In that respect, this OSU run through the losers’ bracket has been significantly different from its 2006 run to the Finals after losing its CWS opener. That team rode stellar starting pitching from Daniel Turpen and Jonah Nickerson to a pair of shutout wins against Rice in the bracket championship game. This team has mostly ridden its high-powered offense, along with a great start Saturday night from power-armed freshman Kevin Abel.
“The last time we did this thing was so much different because our starters gave us great starts and then it was the decision as to, ‘Hey, can you throw, you threw seven and two-thirds against Rice?’” Casey said. “Now we haven’t got one quality start out of our two best guys in four starts for them. And so therefore — I’m being up front — that’s puzzling to me. I’m not positive how we got to that point to where we can continue to play when the freshman gives us the big start that we’ve had.”
Casey has also been in the position that Van Horn is in now, sitting pretty after cruising 3-0 through its CWS bracket. That’s what Oregon State did in 2007, and it kept on rolling in the Finals against North Carolina, rolling to a pair of wins by a combined score of 20-7.
Casey said he hopes his experience on this stage can serve as an asset for his team heading into the Finals.
“The one thing about these players, like Adley was saying, he was in first or second grade when we played for the title a while back. So you hope that you have experience in the game and you hope that being there helps them have some comfort that may be what you’re trying to guide them can get them to where they want to go,” Casey said. “Ultimately, I think Dave and I would say the same thing at this time of the year: You know, our regimen of preparing them to play is complete and they’ve got to play the game as how they play the game. Probably not going to get a whole lot better today.”
Indeed, the process of growing and preparing and improving is complete — these teams are finished products now, and it should be a blast to watch them go at each other. This isn’t Van Horn’s first rodeo either — in fact, this is his seventh trip to Omaha as a head coach (five at Arkansas, two at Nebraska), but his first trip to the Finals. Van Horn has taken talented teams here before, and he’s led over-achieving teams here (like in 2015). But he’s never had a juggernaut like this in Omaha.

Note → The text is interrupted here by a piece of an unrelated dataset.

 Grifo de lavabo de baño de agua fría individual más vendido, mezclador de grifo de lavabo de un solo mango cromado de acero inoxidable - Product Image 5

“I mean, our program, when we got here in ’04, it just took off. We started getting the guys, we started getting guys out of Oklahoma and Missouri and Texas,” Van Horn said. “And obviously the kids out of the state of Arkansas. And we were pretty good when we were here in ’09. We had Dallas Keuchel and Drew Smyly, who was just starting to pitch, and a couple of other big leaguers on that team, and at that time we didn’t know what type of careers they would have. Looking back, it’s like Pat said, it’s so rewarding to see what your players are doing. And then ’12 we were good, we just couldn’t hit. We could really pitch. We were one game away from getting to the championship series. We lost two tight games, one-run game and two-run game to South Carolina. Then in ’15, we just managed to get here.
“And then this year we felt like it was different.”
It is different. This time, Arkansas is a Goliath. Oregon State has been a Goliath for two years, but this time it broke through to the Finals, after getting its heart broken last year with back-to-back losses to LSU in the bracket finals.
So it’s Goliath vs. Goliath for the national title. It doesn’t get better than that.